Hello there,
I'm writing some customizations for the search engine and would like to take into account the number of times a node had been viewed or read. I already have that part implemented, but I'm running into some trouble with setting up reindexing.
Our cron runs 4 times an hour and our server can safely process 50 nodes with Apache Solr. 50x4 = 200 nodes per hour. The problem is that on average we get about 300 page views an hour and that number is growing. If I submit a node for a reindex every time it's viewed the queue will always be full, which presents all kinds of problems.
So I need to come up with a way to moderate the submission for reindex. A couple of ways to do that are:
* Only allow submission of a node for reindex once a day
* Only submit node for reindex if it had 10+ views/reads since last reindex
I can store the timestamp of when the node was last indexed as one of it's solr fields. Same with number of views at the last time of indexing.
I think it makes sense to do the check and submission for reindex at node load time.
My questions is: How do i retrieve a particular node's values from apache solr index?
Thanks,
Andrey.
P.S. If you have a better idea of how to accomplish what I'm trying to do, please let me know.
| Comment | File | Size | Author |
|---|---|---|---|
| Screen shot 2011-05-06 at 9.46.30 AM.png | 281.96 KB | mr.andrey |
Comments
Comment #1
mr.andrey commentedEnded up just using a custom table with a hook_nodeapi.
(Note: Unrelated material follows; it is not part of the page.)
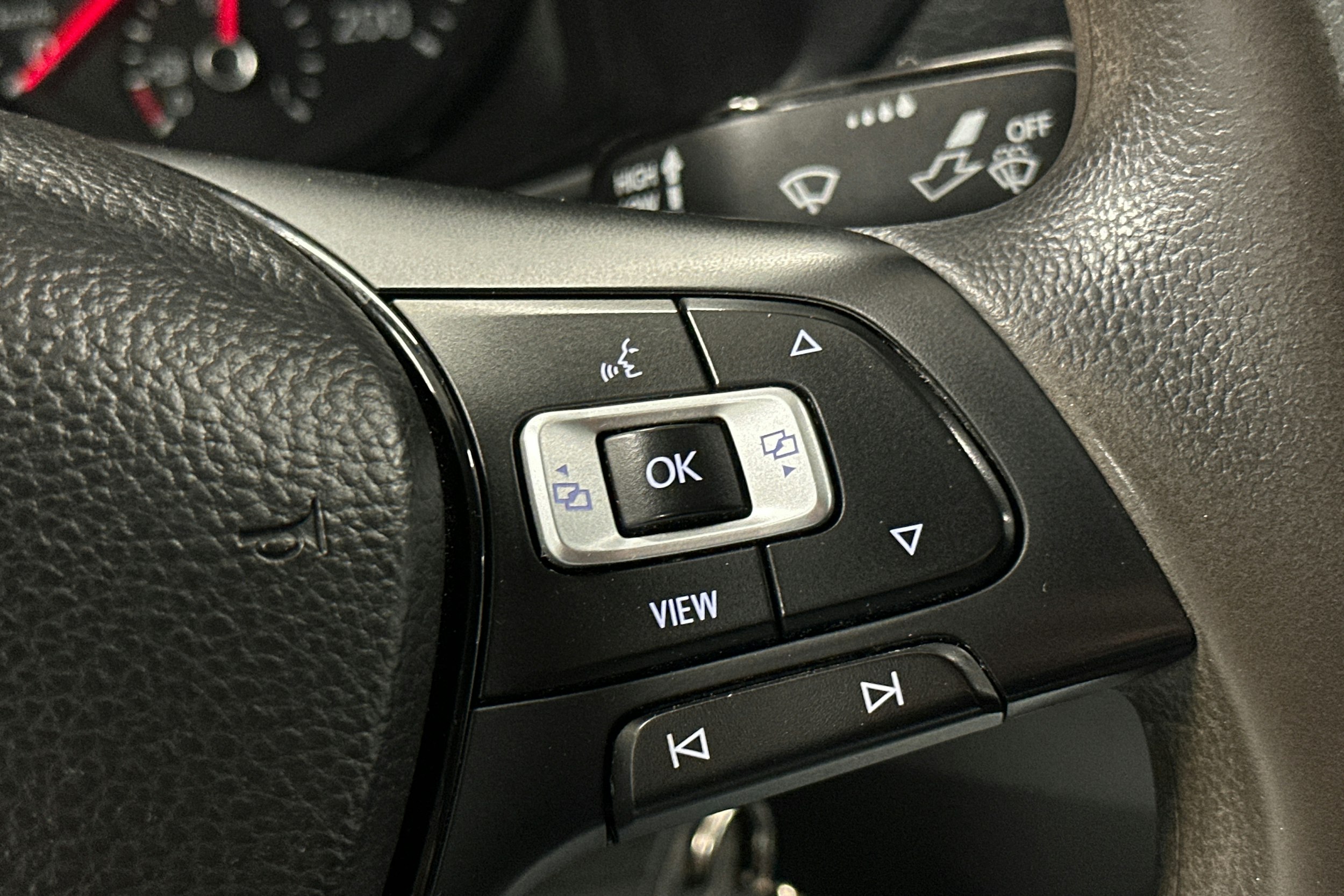 valkoinen Volkswagen Crafter 2022 kuva 17.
Now the node is reindexed if:
* node counter is < 10 and it has advanced 2+ views
* node counter is < 100 and it has advanced 5+ views
* node counter is >= 100 and it has advanced 10+ views
Seems reasonable for now.
Cheers,
Andrey.
Comment #2
pwolanin commentedYou must not be doing any caching?
Anyhow - sounds like a reasonable approach.
Comment #3
mr.andrey commentedWhat do you mean?
I'm not quite clear on the whole caching and read counter thing. I'm using Boost and Statistics Advanced Settings.
I've read that Boost isn't 100% friendly with the read counter, but haven't looked that deeply into it yet.